Files of words and expressions are located in the directory lang/trunk/apps/system/dansguardian/lists/phraselists/
of the lang SVN tree. They are are copied at build time into /etc/dansguardian/lists/phraselists/
. Files are placed in sub-directories that represent the list category:
$ ls /etc/dansguardian/lists/phraselists/ badwords forums gore malware personals secretsocieties violence chat gambling idtheft music pornography sport warezhacking conspiracy games illegaldrugs news proxies translation weapons domainsforsale goodphrases intolerance nudism rta travel webmail drugadvocacy googlesearches legaldrugs peer2peer safelabel upstreamfilter
Files in sub-directories are named banned_lang
or weighted_lang
where lang is your language name, except for English whose files are simply banned
and weighted
:
$ ls /etc/dansguardian/lists/phraselists/pornography/ banned weighted_danish weighted_italian weighted_portuguese banned_portuguese weighted_dutch weighted_japanese weighted_russian weighted weighted_french weighted_malay weighted_spanish weighted_chinese weighted_german weighted_norwegian
Banned files contain phrases that automatically trigger page rejection, ie. there is no evaluation of the remaining contents. Weighted files contain phrases that are associated with a naughtiness value. Their content is quite simple:
#listcategory: "Pornography (Russian)"<проститутки><50> #prostitutes < фото><5> #photo <бюст><40> #bust < анал ><40> #anal <анальный><40> #anal
Each line contains both a word or expression and its weight. Comments are inserted using the number sign “#”. Beware that spaces before and/or after a word let you specify if the word is a part of a longer word, its beginning, its end or the whole word. This is very important to allow for words like anal which is also the beginning of analysis, analogue, etc. The rules are the following:
spaces | example | effect |
---|---|---|
no space | <abcd> | matches any word containing abcd |
space on the right | < abcd> | matches any word starting with abcd |
space on the left | <abcd > | matches any word ending with abcd |
two spaces | < abcd > | matches the exact word abcd |
Please note that non-English weighted files are very light compared to the English one (which has no language name in the file name). Their size is the following:
$ ls -Ssh1 —hide ’banned*’ /etc/dansguardian/lists/phraselists/pornography/ total 152K 80K weighted 16K weighted_portuguese 12K weighted_italian 8,0K weighted_japanese 4,0K weighted_french 4,0K weighted_spanish 4,0K weighted_danish 4,0K weighted_russian 4,0K weighted_german 4,0K weighted_malay 4,0K weighted_dutch 4,0K weighted_chinese 4,0K weighted_norwegian
On the contrary only the Portuguese banned file is really filled. This means that globally the translation work for DansGuardian is huge… However the whole English file may be replaced by a simpler but exhaustive word or expression list in another language.

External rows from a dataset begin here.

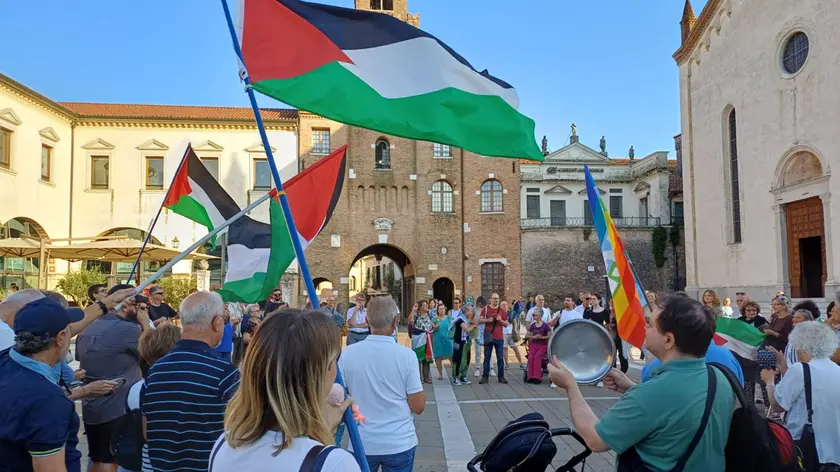 Il flash mob per Gaza di venerdì scorso in piazza Grande ad Oderzo
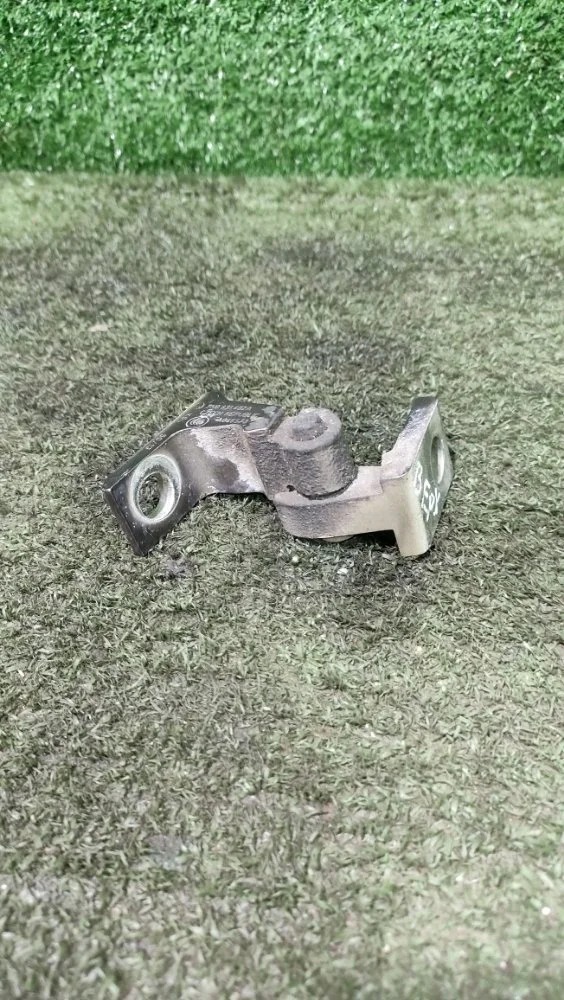 Петля двери Skoda Octavia 2014 7N0831402A A7 CJZA, передняя правая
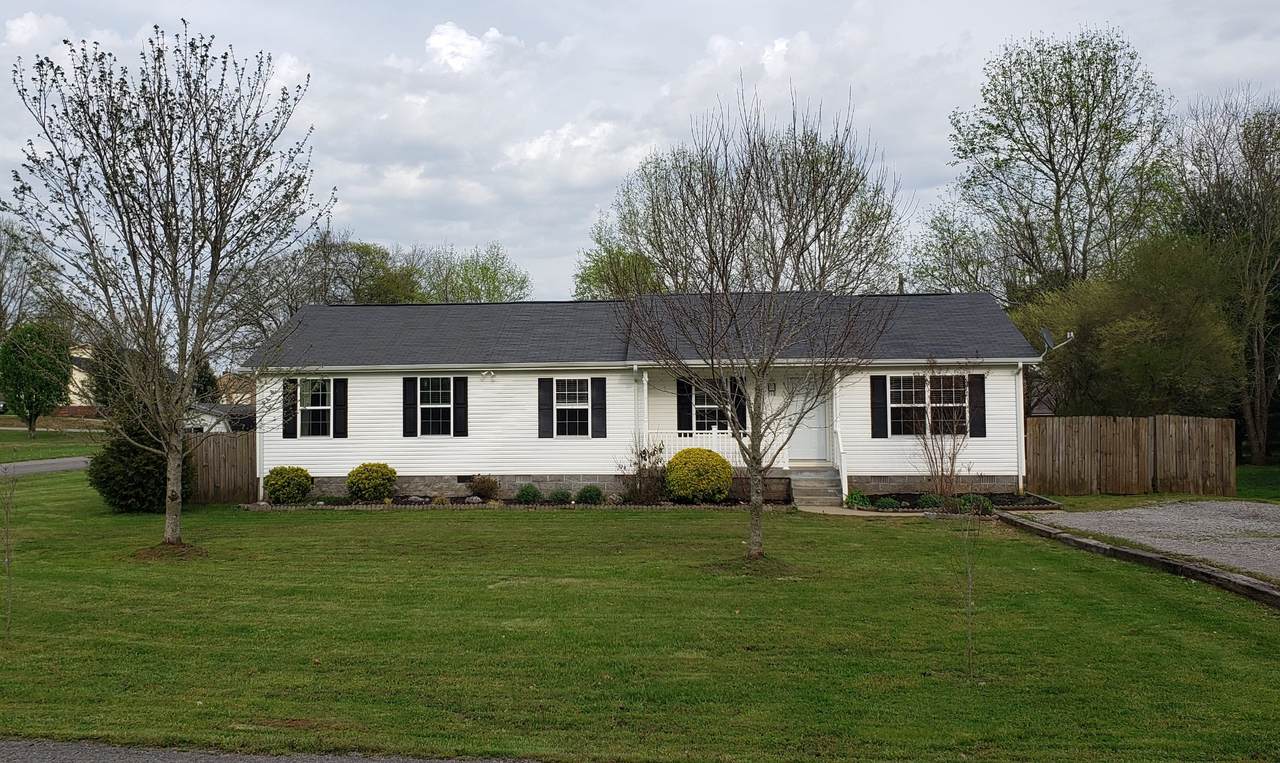 518 Lawrence Ave - Photo 1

The DansGuardian files that are shipped within DoudouLinux use different encodings depending on the language. For example, French uses a Latin-specific encoding while Russian uses a Cyrillic-specific one. This is really a difficulty for us because we have to take care while editing files with the correct encoding depending on the language. For this reason, the DoudouLinux “lang/” tree is provided with files previously converted to UTF-8. This means that now all files must be edited using UTF-8, whatever your language is.
Another issue is that DansGuardian does not try to guess the encoding of the web page that you are requesting. Instead it considers its content as a binary stream and performs byte comparison with word lists. This means that we should provide a weighted file for each possible encoding of each language… Again the “lang/” tree has been designed to host UTF-8 files only. Files in additional encodings are automatically generated at CD build time to reduce the translation effort.

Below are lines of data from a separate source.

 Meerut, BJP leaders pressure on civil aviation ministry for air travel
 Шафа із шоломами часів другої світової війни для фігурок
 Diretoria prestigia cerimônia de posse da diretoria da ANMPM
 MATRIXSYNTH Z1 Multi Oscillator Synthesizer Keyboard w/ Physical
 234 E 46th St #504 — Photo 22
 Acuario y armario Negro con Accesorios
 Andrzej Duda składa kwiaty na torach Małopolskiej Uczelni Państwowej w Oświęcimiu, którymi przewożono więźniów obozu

So if you need to add encodings for your language, you have to edit the file lang/trunk/apps/system/dansguardian/lists/weightedphraselist
. It contains the list of files to be loaded by DansGuardian. The trick is that if the CD build script does not find a file in this list, it tries to generate it from another one after guessing from which file it derives and which encoding is requested. These additional files must be named this way: weighted_LANGUAGE-ENCODING
. For example mentioning the inexistent file weighted_russian-cp1251
will make the CD build script convert the file weighted_russian
from UTF-8 to cp1251. Of course the resulting file is named weighted_russian-cp1251
!
Here is a small sample of the file weightedphraselist
:
.Include</etc/dansguardian/lists/phraselists/pornography/weighted_spanish> #ALPHA# .Include</etc/dansguardian/lists/phraselists/pornography/weighted_russian> #BETA# .Include</etc/dansguardian/lists/phraselists/pornography/weighted_russian-cp1251> .Include</etc/dansguardian/lists/phraselists/pornography/weighted_russian-koi8> .Include</etc/dansguardian/lists/phraselists/nudism/weighted>
Here you can see that the UTF-8 Russian word list will be automatically converted into a cp1251 and a koi8 encoded-file at build time.

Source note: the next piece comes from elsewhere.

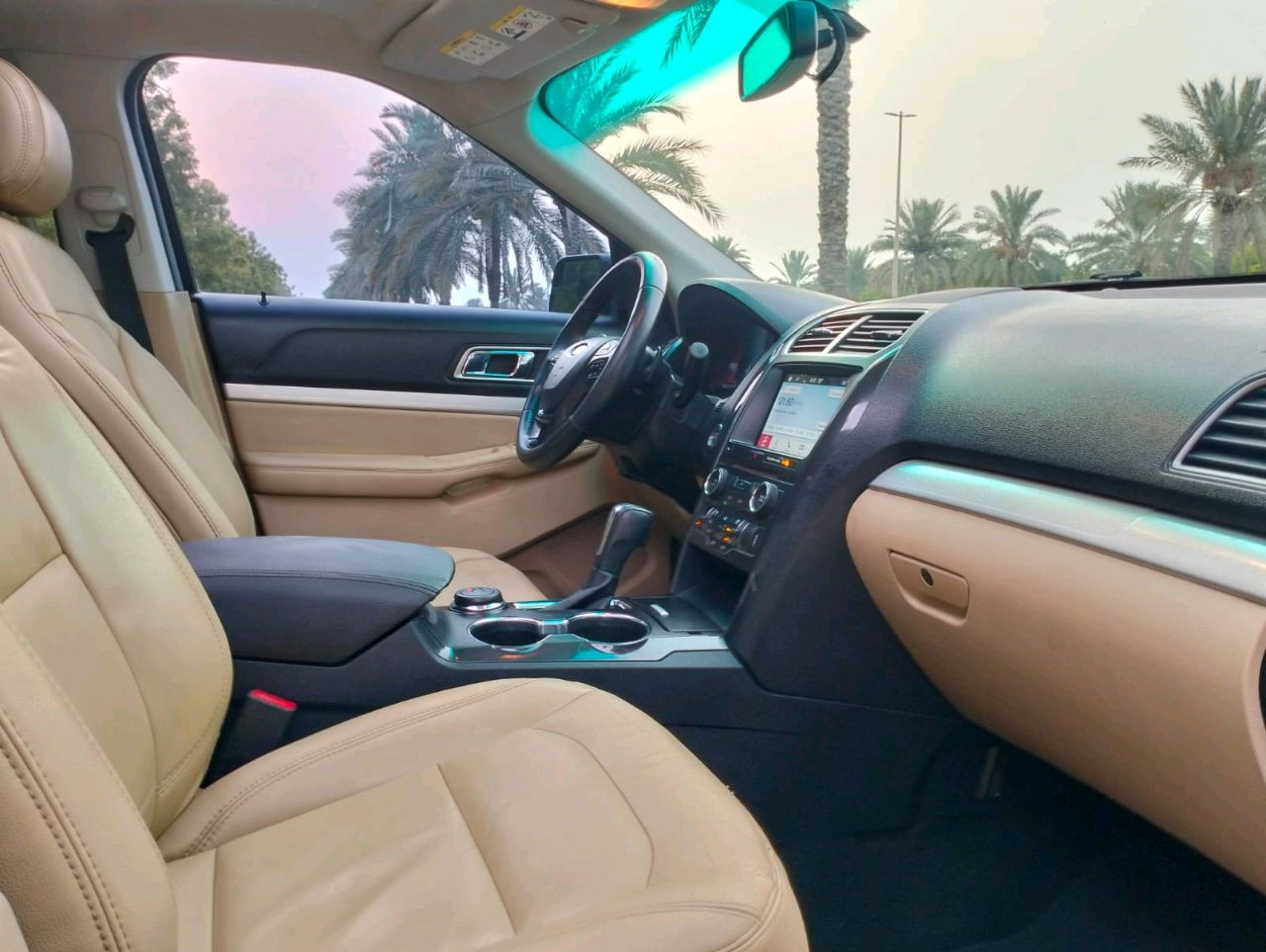 Ford Explorer - Image 6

If you take a look at the Russian phrase list file you will see this kind of comments:
< секс чат ><50> #sex chat < cекс чат ><120> #sex chat (first ’c’ is latin) < секс форум ><50> #sex forum < cекс форум ><120> #sex forum (first ’c’ is latin)
We have apparently the same phrases twice. Indeed they look identical but are not because the C letter in the Cyrillic alphabet does not have the same numerical code as the C letter in the Latin alphabet. As a result it is possible to write a naughty word using different alphabets in the same word, thus bypassing all content tests… This is why this kind of practice is associated a very high naughtiness score!
So if your language uses an alphabet that has letters in common with another alphabet (visually, not pronunciation), you should certainly rewrite naughty words mixing alphabets and putting these wrong words at a very high naughtiness.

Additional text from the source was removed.